Thalassemic patients have ineffective erythropoiesis. In recent treatment protocols, there are little data on folic acid supplementation for patients with thalassemia because it is supposed that regular blood transfusions prevent bone marrow hyperfunctioning.Objective:
Investigators aimed to assess serum folic acid and homocysteine (Hcy) in thalassemia major patients before and after folic acid supplement cessation.Patients and Methods:
This study was a before-after controlled clinical trial conducted in 17th Shahrivar Hospital, Rasht, North of Iran, during May to October 2016. The patients enrolled in this study had thalassemia major on regular blood transfusion and older than 2 years of age.

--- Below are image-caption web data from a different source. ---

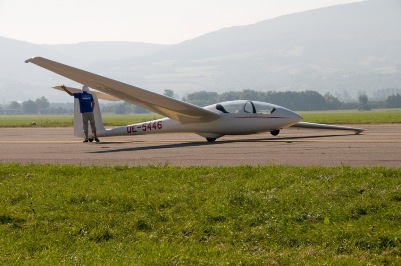 ASK-21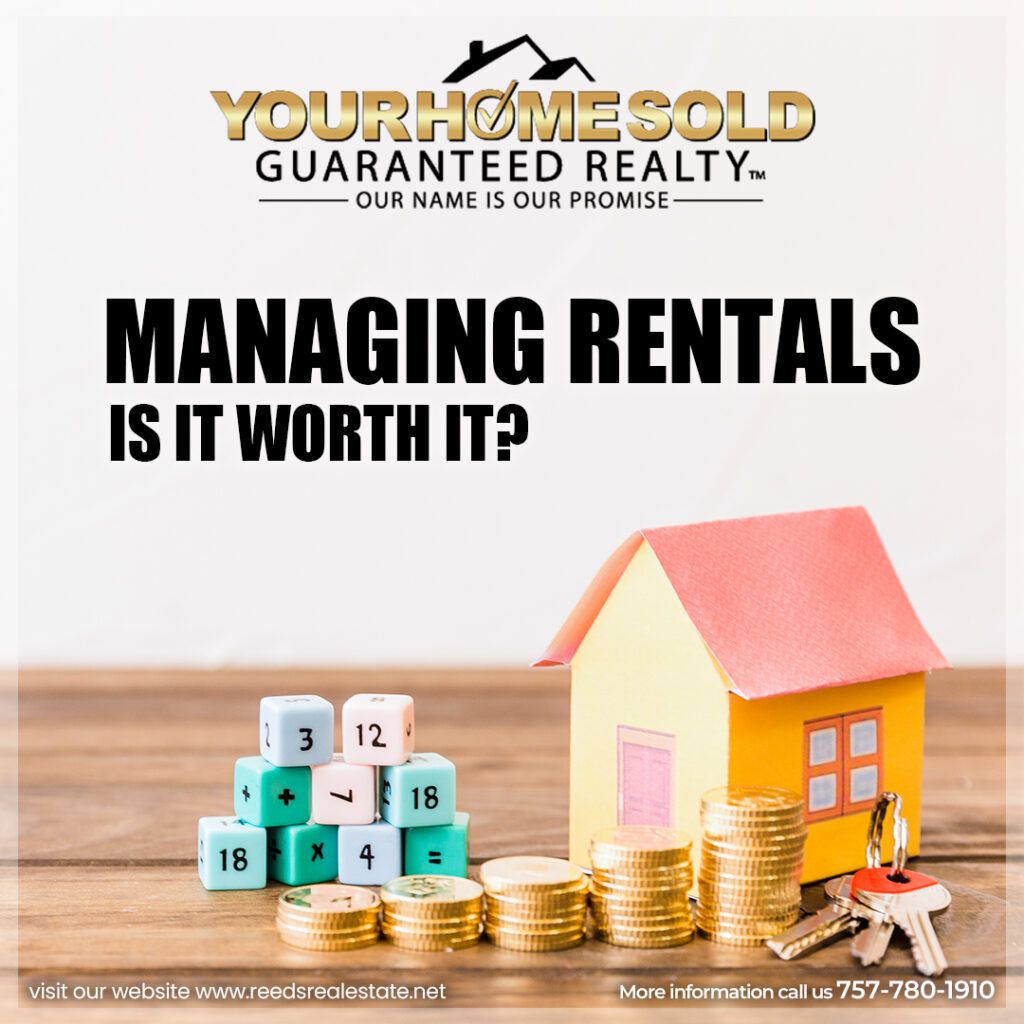Your Home Sold Guaranteed Realty - Reeds Real Estate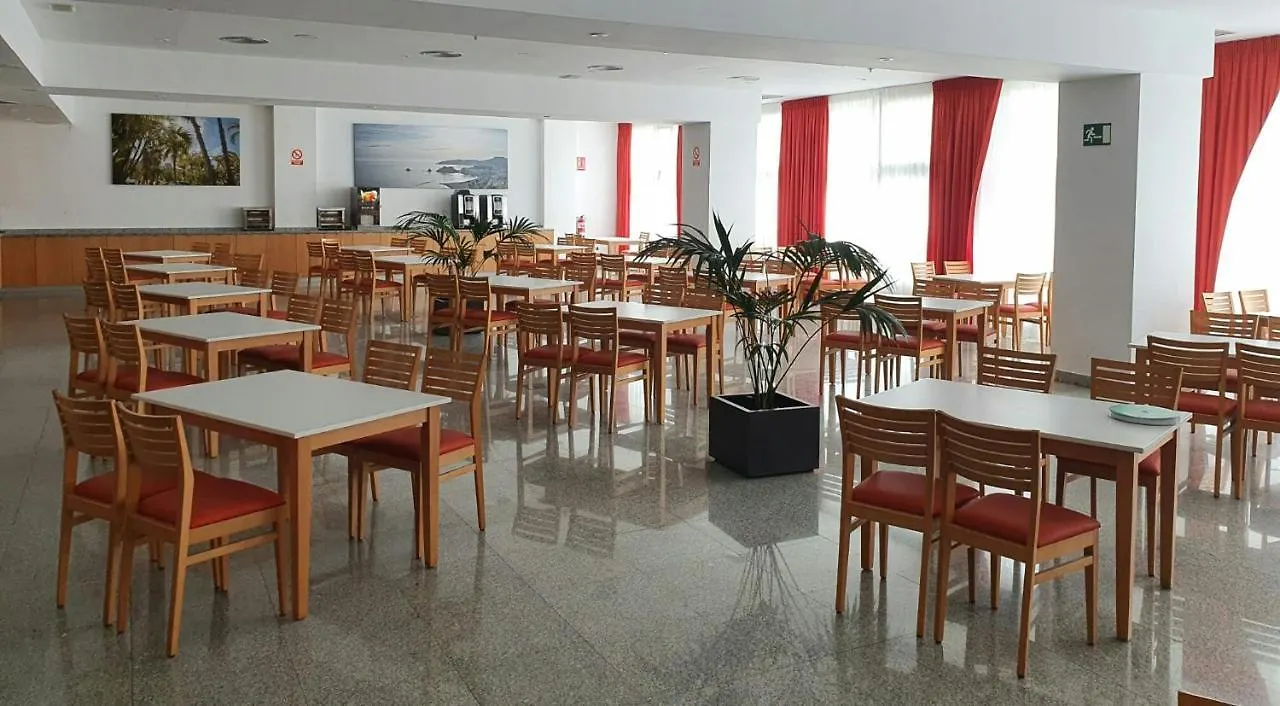 Hotel Bahia Almuñécar
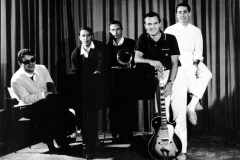 Giuliano-Monari-Quintetto-Arnaldo-Ciato-Rimini-1962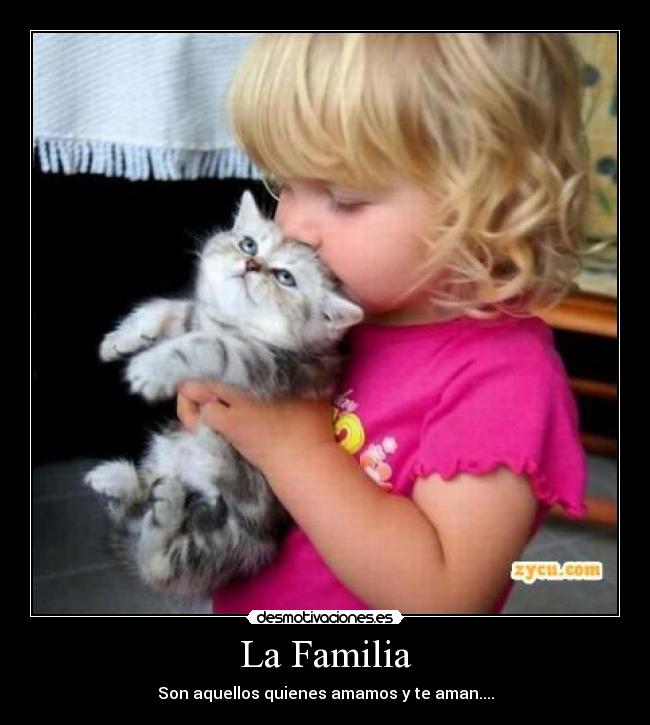 La Familia -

They had at least a 6-month history of folic acid supplement consumption before enrollment in the study (1 mg/daily). Complete blood count, serum folic acid, and serum Hcy were measured before discontinuation of folic acid supplement. Then, patients did not receive folic acid for a month and after 1 month of folic acid cessation, the measurements were repeated. All data were entered in SPSS version 20.0 and analyzed.Results:
Among the 40 patients in this study, 25 (62.5%) were female. The mean age of the participants was 21.39±11.17 years old. The mean of body mass index was 21.38±3.32 kg/m2. Most of the participants had used folic acid supplement >5 years (29, 72.5%). The serum Hcy level was significantly increased (5.24±2.35 vs. 5.93±2.56; P=0.008) and serum folic acid level was decreased significantly (14.74±4.20 vs. 8.80±4.16; P<0.0001) from baseline.Conclusions:
Cessation of folic acid supplementations in beta thalassemia major patients can lead to a significant decrease in serum folic acid and increase in Hcy levels. According to our findings and efficacy of folic acid in patients with beta thalassemia major, it is recommended to use the supplementation in all patients.